Reasons to be cheerful: Wynton books Ornette

Wynton Marsalis has high regard for the music of Ornette Coleman — as demonstrated by Jazz at Lincoln Center’s just-released 2009-2010 concert schedule, which begins next September 26 with a single performance by Coleman’s quartet featuring two bassists and his son Denardo on drums. 
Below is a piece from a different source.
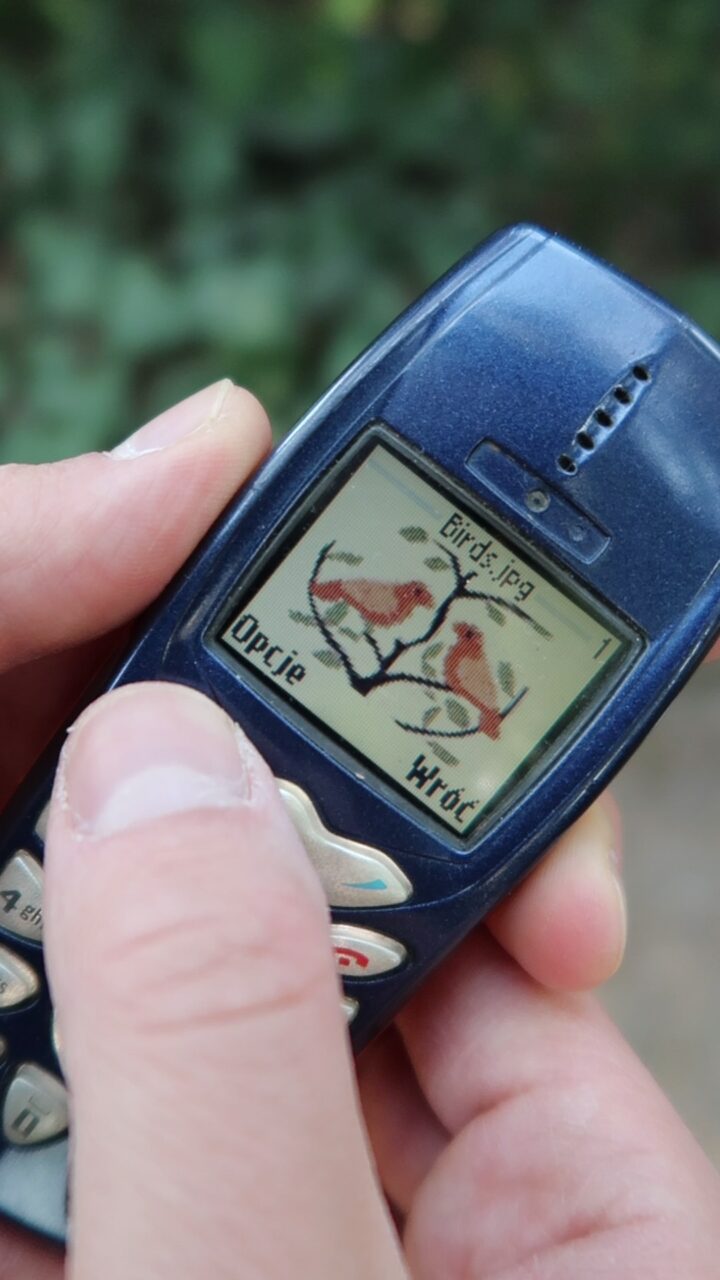 Nokia 3510i obrazki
This booking might seem like a point of departure for JALC, which has a reputation for being tradition- rather than innovation-minded, but it really isn’t. The Lincoln Center Jazz Orchestra performed its members’ original arrangements of Pulitzer Prize-winning composer Coleman’s music in January 2004. Here’s Wynton soloing on Ornette’s tune “Free” from an LCJO concert in Salt Lake City:
 
 


Marsalis also played his trumpet at a smaller Coleman-celebratory (but non-JALC) concert in 2004 at New York’s Merkin Hall in a manner proving he fully comprehends and can partake of the freedoms Coleman’s concepts encourage. He comes by his appreciation of Coleman from several directions. For one thing, his father pianist Ellis Marsalis was fascinated with Coleman’s iconoclastic music back in 1956, driving from New Orleans to Los Angeles with drummer Ed Blackwell, clarinetist Alvin Batiste and reedsman/composer/arranger/educator Harold Battiste to make Ornette’s acquaintance. That was before Coleman had recorded; Ellis Marsalis visited with him for two months. Ellis, Alvin Batiste and Ornette reunited at the 2003 New Orleans Jazz & Heritage festival. 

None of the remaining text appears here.